## How to complete this task
Output every line of the material exactly, omitting images.

## Data
::::::

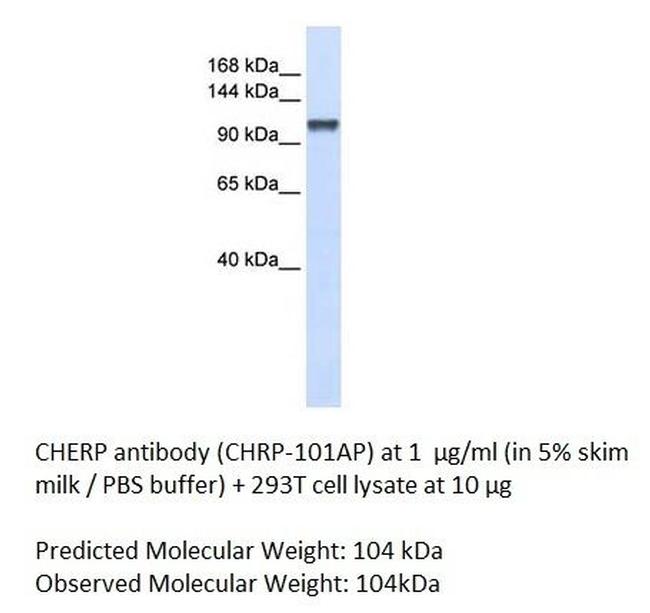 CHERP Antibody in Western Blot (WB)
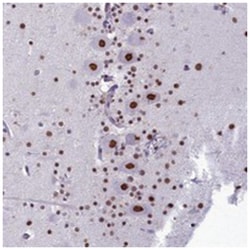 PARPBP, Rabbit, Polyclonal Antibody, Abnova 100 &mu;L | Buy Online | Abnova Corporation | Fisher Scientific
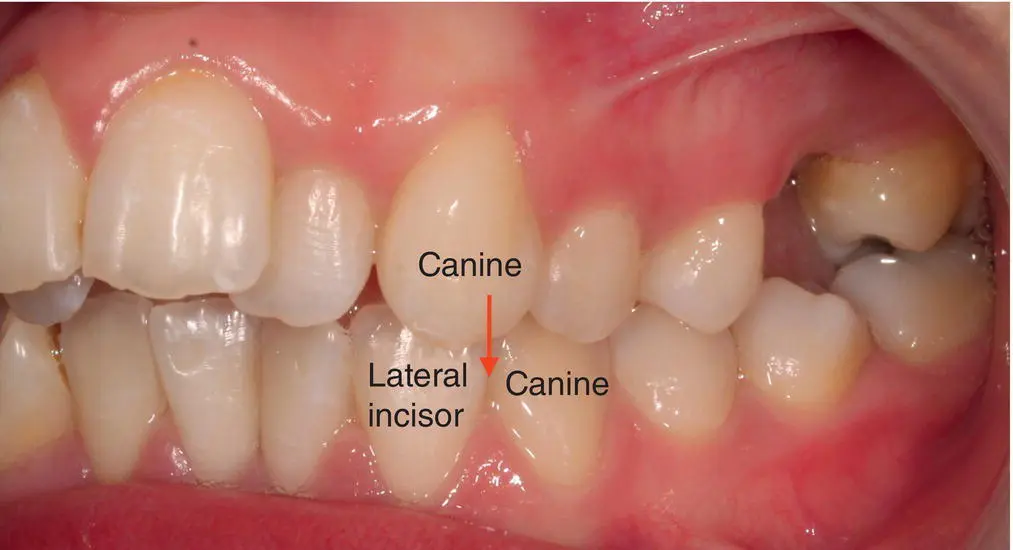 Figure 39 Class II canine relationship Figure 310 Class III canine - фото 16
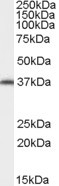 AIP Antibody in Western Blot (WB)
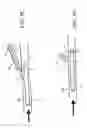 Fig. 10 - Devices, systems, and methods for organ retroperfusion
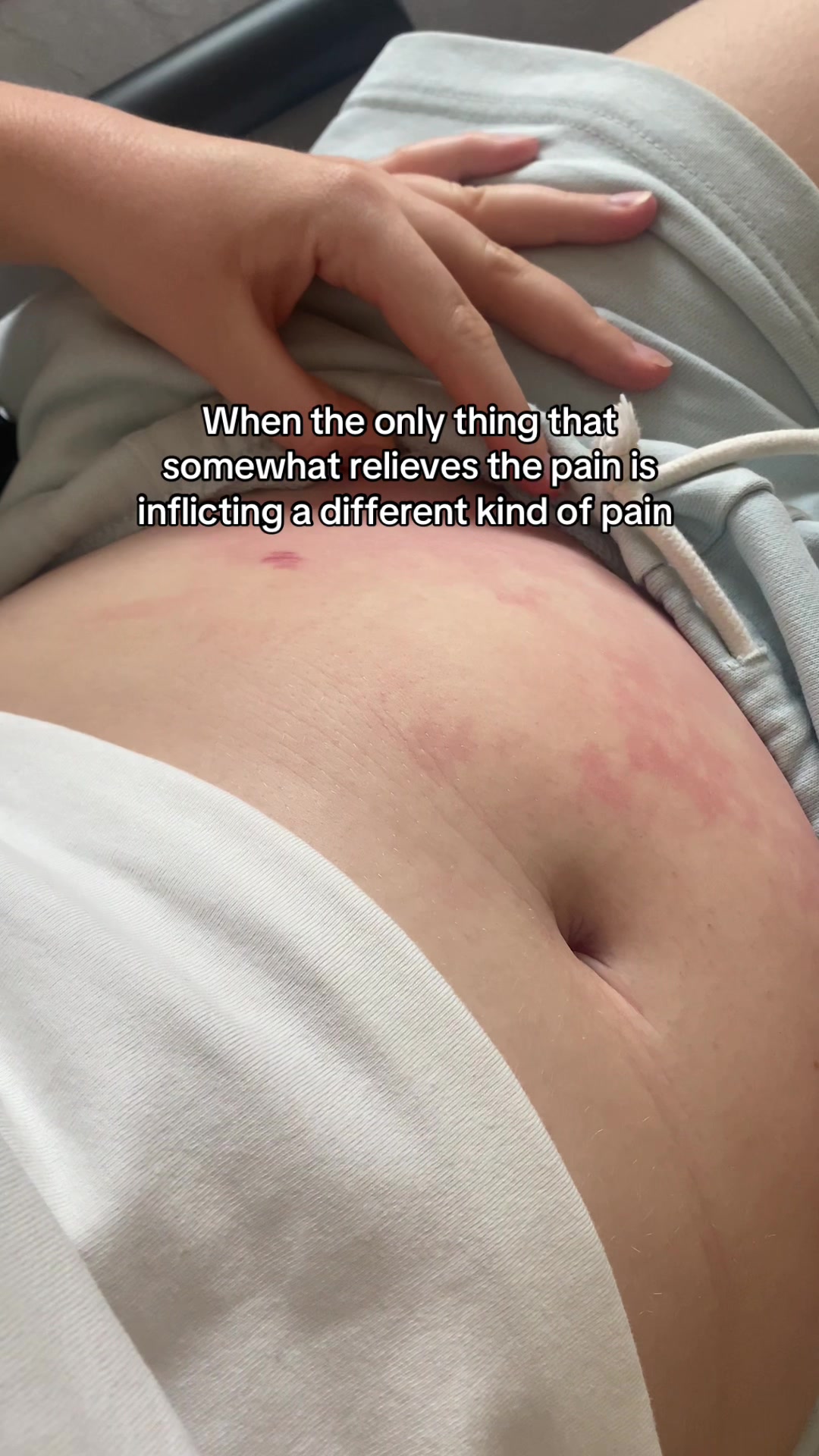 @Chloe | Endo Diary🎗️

::::::

## Solution to this task
 CHERP Antibody in Western Blot (WB)
 PARPBP, Rabbit, Polyclonal Antibody, Abnova 100 &mu;L | Buy Online | Abnova Corporation | Fisher Scientific
 Figure 39 Class II canine relationship Figure 310 Class III canine - фото 16
 AIP Antibody in Western Blot (WB)
 Fig. 10 - Devices, systems, and methods for organ retroperfusion
 @Chloe | Endo Diary🎗️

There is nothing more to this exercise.